The "anchor" terms are crucial. They account for the very first MST merges that bridge entire rows/columns of strips at the cheapest gap; forgetting them gives a too-large answer.
64-bit everywhere. Gap × strip-count × accumulated sum easily exceeds 32-bit at A, B ≈ 10⁹.

Problem 3 — Circular Barn

Statement

Same setup as Gold P2 (unlock k doors on a ring of n rooms, cows walk clockwise, minimize total distance) but at scale: n ≤ 1000 and cow counts up to 10⁶. Still k ≤ 7.

Constraints

3 ≤ n ≤ 1000.
1 ≤ k ≤ 7.
1 ≤ r_i ≤ 10⁶.
Time limit: 2s.

Key idea

Same DP skeleton as Gold P2: fix the first unlocked door s, then dp[i][j] = min cost to cover the first i rooms (rotated to start at s) using j arcs. Precompute arc costs in O(n²). Total O(n · (n · n · k)) = O(n³ k) ≈ 7·10⁹ is too slow; the trick is that fixing s and writing the DP transition gives O(n² k) per s and O(n³ k) overall — but the arc-cost precomputation can be shared across all s by computing prefix sums on the doubled array r[0..2n−1]. That reduces the work to O(n² k). With n = 1000, k = 7, that's 7·10⁶, comfortable.

Complexity target

O(n² · k) time, O(n · k) memory.

Reference solution (C++)

#include <bits/stdc++.h>
using namespace std;
using ll = long long;

int main() {
    ios_base::sync_with_stdio(false);
    cin.tie(nullptr);
    int n, k; cin >> n >> k;
    vector<ll> r(2 * n);
    for (int i = 0; i < n; ++i) { cin >> r[i]; r[i + n] = r[i]; }

    // Precompute S[i] = sum r[0..i-1], T[i] = sum j*r[j] for j=0..i-1, on the doubled array.
    vector<ll> S(2 * n + 1, 0), T(2 * n + 1, 0);
    for (int i = 0; i < 2 * n; ++i) {
        S[i + 1] = S[i] + r[i];
        T[i + 1] = T[i] + (ll)i * r[i];
    }
    // cost(l, len) = arc starting at index l, length len, weighted by offset from l.
    auto arc = [&](int l, int len) -> ll {
        // sum_{j=0..len-1} j * r[l+j] = T[l+len] - T[l] - l*(S[l+len]-S[l])
        return (T[l + len] - T[l]) - (ll)l * (S[l + len] - S[l]);
    };

    ll ans = LLONG_MAX;
    for (int s = 0; s < n; ++s) {
        // dp[i][j] = min cost to cover first i rooms (starting at s) with j arcs.
        vector<vector<ll>> dp(n + 1, vector<ll>(k + 1, LLONG_MAX));
        dp[0][0] = 0;
        for (int i = 0; i < n; ++i)
          for (int j = 0; j < k; ++j) if (dp[i][j] != LLONG_MAX)
            for (int L = 1; i + L <= n; ++L)
              dp[i + L][j + 1] = min(dp[i + L][j + 1], dp[i][j] + arc(s + i, L));
        ans = min(ans, dp[n][k]);
    }
    cout << ans << "\n";
}

Note: the triple loop is O(n³ k) per s and O(n⁴ k) overall ≈ 7·10¹² — too slow for the worst case.

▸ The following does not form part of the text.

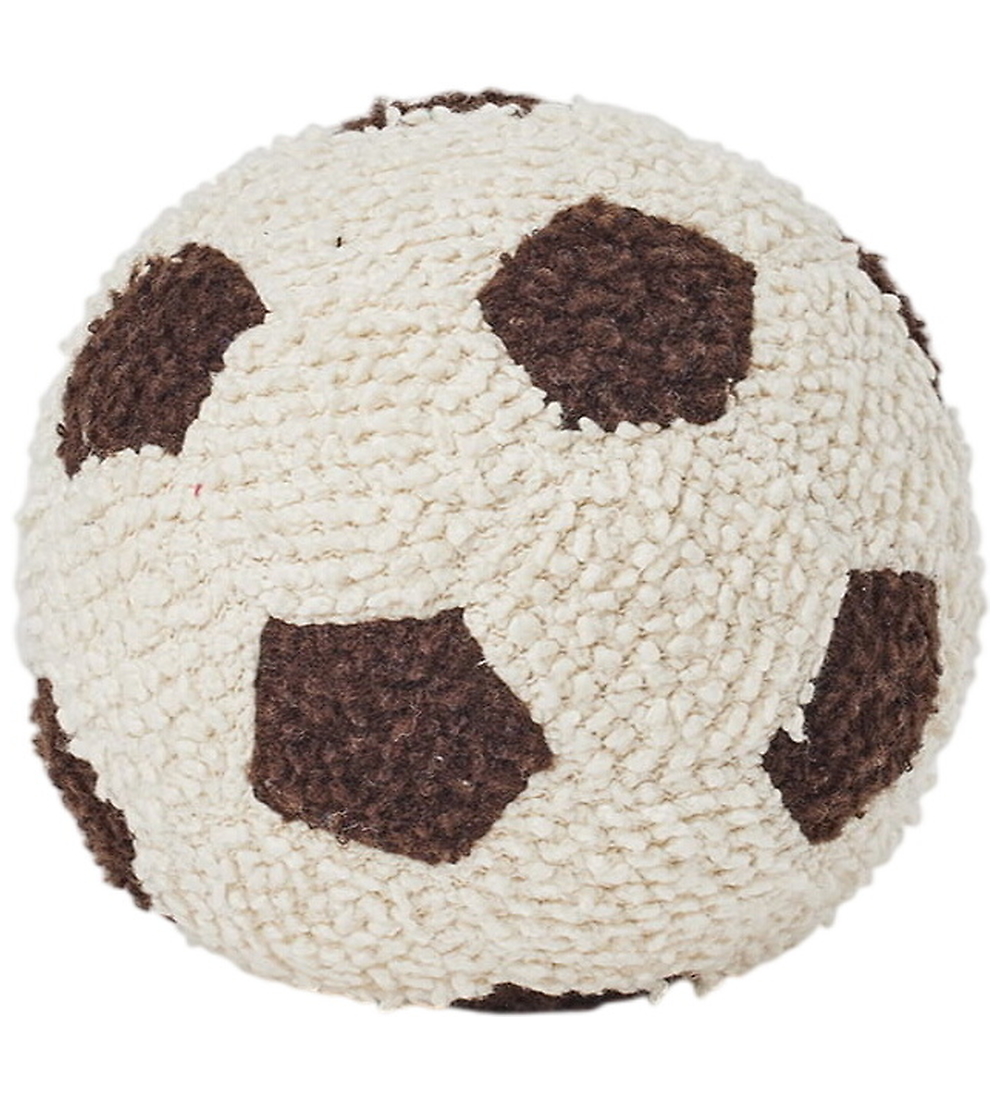 Smallstuff Fußball - Strick - Off White/Brown - Smallstuff - One Size - Bälle von Smallstuff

The intended optimization: for each fixed j (arcs used) one can do a one-pass scan that updates dp[i+L][j+1] using only the running prefix dp[·][j] in O(n²) per s. The skeleton above is the readable version — replace the inner two loops with the dp[·][j] sweep when squeezing for AC.

Pitfalls

Doubled array. Don't write modular indexing inside the inner loop — precompute prefix sums on r doubled so that arc cost is O(1).
Use long long. Worst-case cost ≈ n² · max(r) ≈ 10¹².
Don't ignore the constant. n²·k ≈ 7·10⁶ is fast, but n³·k = 7·10⁹ is not — verify your inner loop is O(1) per (i, j, L) before submitting.

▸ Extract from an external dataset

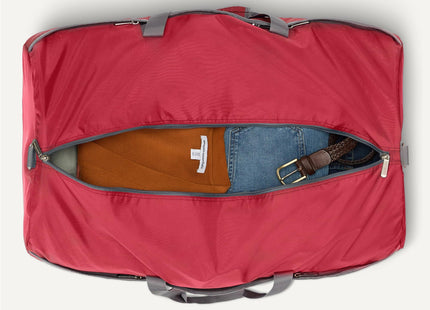 Amazon Essentials Extra Large Foldable Nylon Duffel Bag for Travel/Storage with Zippered Pockets, 32.4", 150L, 50-LBS Capacity, Red (Previously Amazon Basics)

What Platinum February 2016 was actually testing

P1 — binary search + sweep with BITs. Recognize that the answer is monotone, then turn the 2D fence problem into a 1D sweep with two BITs.
P2 — same MST closed-form as Gold. The lesson is "don't expand the grid"; the (n+m)-axis count argument scales identically.
P3 — DP on a ring with shared prefix sums. The Gold solution's O(n³k) doesn't fit the larger r_i; precompute weighted prefix sums on the doubled array.